Simon had memorized it, studied it, hated it — and now used it.

That hatred had burnt away.

Only understanding remained.

There.

The spell structure slowed — not in reality but in his perception. Mana paths. Runes. Weak nodes.

A single unstable point where arrogance lived — where Orba believed no one would ever understand.

Simon's blade moved.

No wasted motion.

A surgeon inside a battlefield.

Shing.

He cut the rune core — delicate, lethal precision.

The devouring spell shattered like brittle glass.

Orba's eyes widened, choking in disbelief as his ultimate weapon unraveled into dust.

"You— what did you—?!"

"I watched," Simon replied, voice empty.

"And I remembered."

Orba's fury ignited. "You were nothing but a stray dog!"

"You fed me power," Simon corrected. "And expected me to starve."

Simon shifted. Another cut — faster than panic, colder than reason.

The blade cleaved through Orba's left leg.

THUD.

Orba crashed onto one knee, the stone cracking. His eyes shook — part shock, part horror, part betrayal he didn't deserve to feel.

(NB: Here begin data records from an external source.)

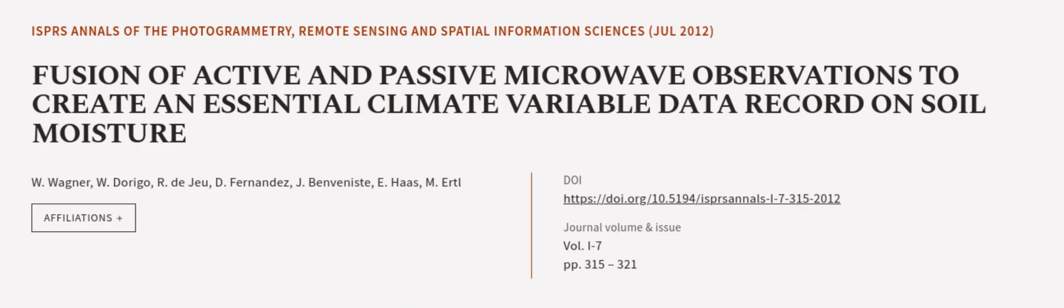This article was authored by W. Wagner, W. Durigo, R. de Joux, and others. We are article.tv, links in the description below.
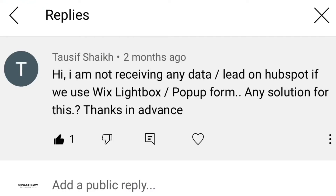The question was: 'Hi, I'm not receiving any data or leads on HubSpot if I use Wix lightbox and/or pop-up form. Any solutions for this? Thanks in advance.' So again, thank you for sharing that.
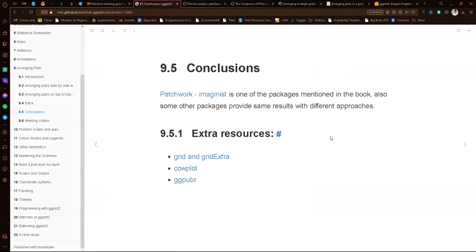I think that will be all for the chapter. It was a short chapter. If anyone has any questions or comments, feel free. Thank you very much — it was a nice chapter. You showed different methods we can use to combine our plots, which was very useful. Thank you.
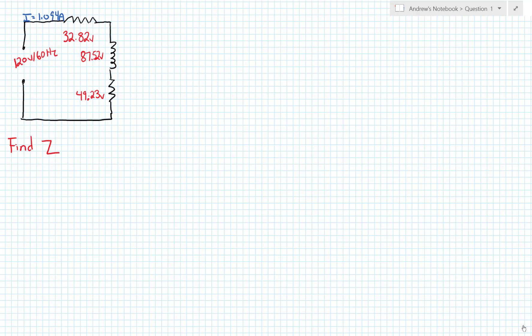Today I'll be answering the questions that were posted on the whiteboard on March 24th, 2017. Question number one: we have a series RL circuit. This circuit contains resistance and inductance. The question asks me to find the total impedance of the circuit.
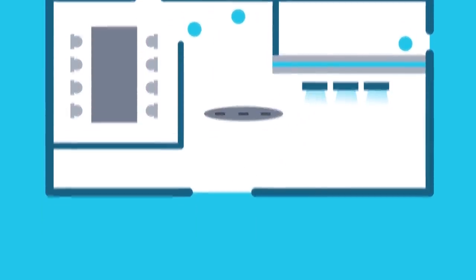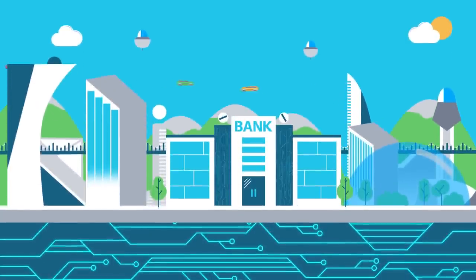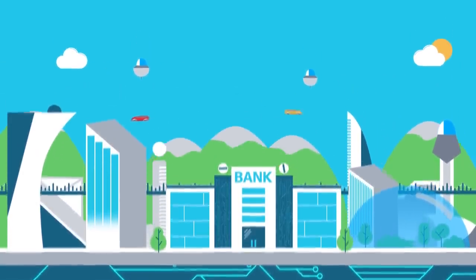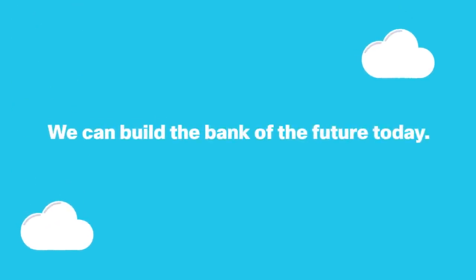The good news is all this banking technology is available right here, right now. We may be waiting for jetpacks and flying cars, but together we can build the bank of the future today.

"You can't— you CAN'T— regenerate fast enough," Simon murmured.

Amujamu pulsed — runes on its metal licking the air like a hungry serpent. The demon-metal blade hummed, sealing flesh, delaying recovery.

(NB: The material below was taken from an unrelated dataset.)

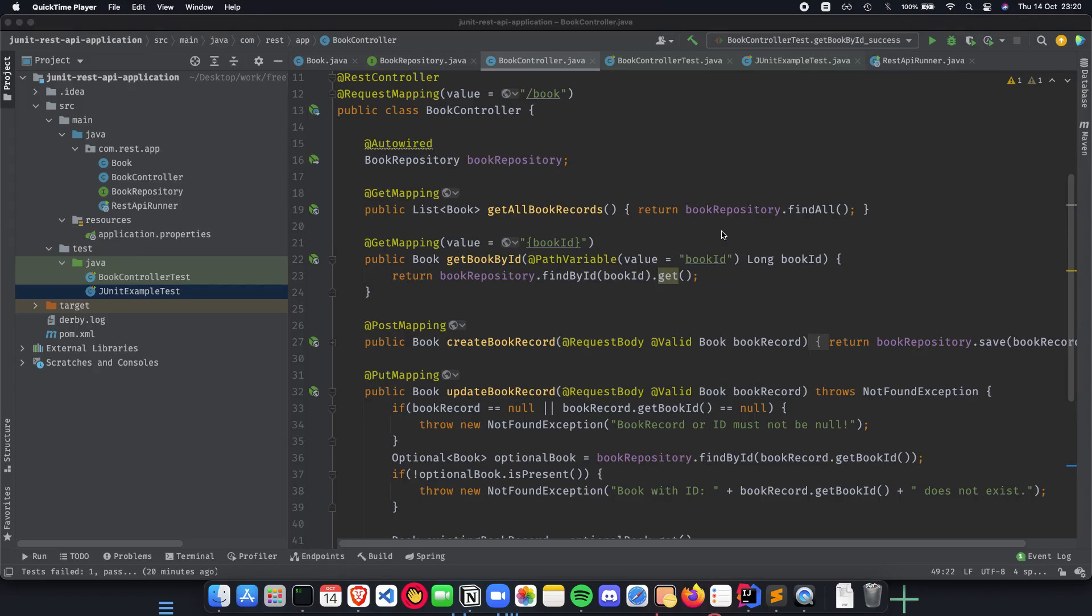This video is a collaboration with programming knowledge. Welcome to the final video of our playlist where we write unit tests using JUnit for our Spring Boot REST API application.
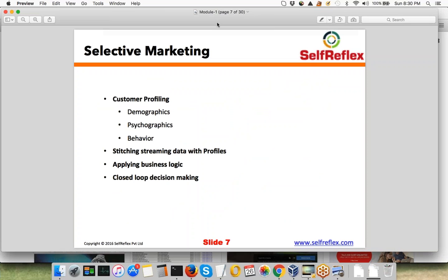We can skip this slide since we've discussed these use cases. Basically, customer profiling means that based on a customer's behavior, you can figure out what kinds of products they would be buying. This involves stitching your streaming data — the browsing data of the user — with their profile data, which your mobile service provider could have.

Orba growled. "You… bastard—!"

Slice.

Simon severed Orba's right shoulder. Bone split, flesh tore, sparks of abyssal energy spilled like embers.

A raw cry tore from Orba's throat.

Simon didn't flinch. Didn't blink. The void inside him breathed, steady as a heartbeat, quiet as snowfall.

"You think you're calm?" Orba rasped. "You're EMPTY!"

"Yes."

He didn't fight the accusation. It wasn't insult — it was truth. Void. Precision. Liberation from fear, guilt, doubt.

He stepped again.

Slash.

A line of blood opened across Orba's waist. A precise cut to disrupt core channels — stopping his demonic regeneration deeper than flesh.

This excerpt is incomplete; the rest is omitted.